» DATA SECTION:
• • •

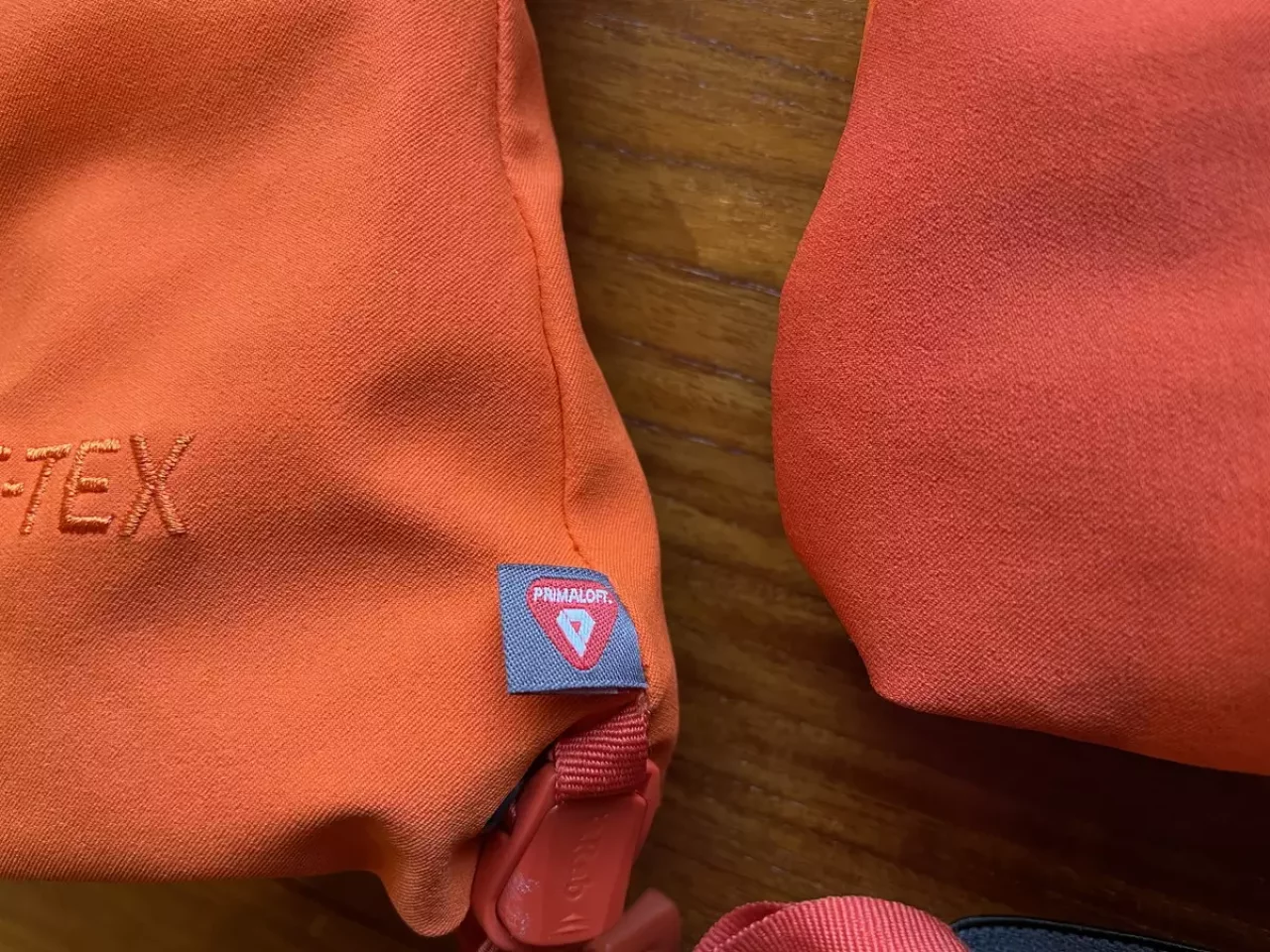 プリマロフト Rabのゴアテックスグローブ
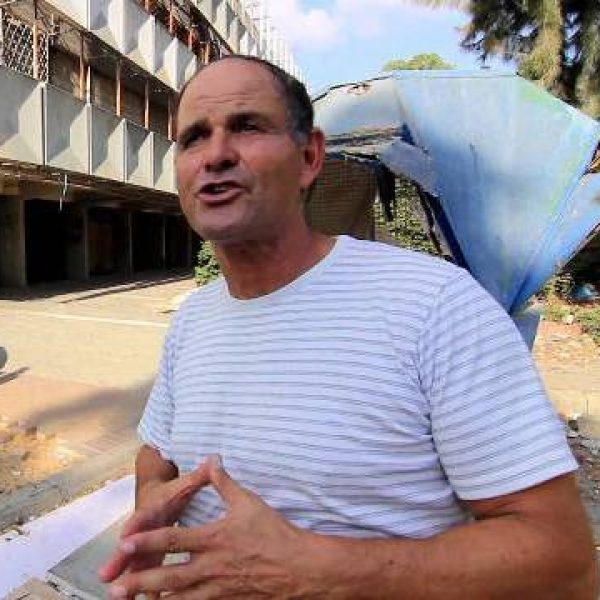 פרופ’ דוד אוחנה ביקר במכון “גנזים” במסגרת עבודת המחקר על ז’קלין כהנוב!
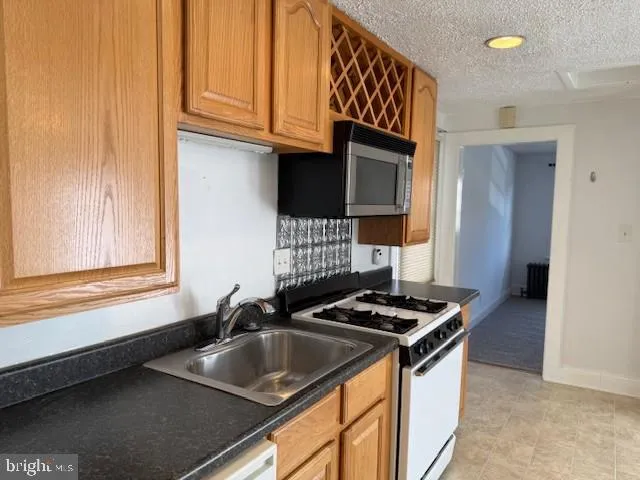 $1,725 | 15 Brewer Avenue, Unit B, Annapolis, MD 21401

• • •

» PROBLEM REQUIREMENTS: In your answer, set down the full listing word for word and include no pictures.

» ANSWER TO THE PROBLEM:
 プリマロフト Rabのゴアテックスグローブ
 פרופ’ דוד אוחנה ביקר במכון “גנזים” במסגרת עבודת המחקר על ז’קלין כהנוב!
 $1,725 | 15 Brewer Avenue, Unit B, Annapolis, MD 21401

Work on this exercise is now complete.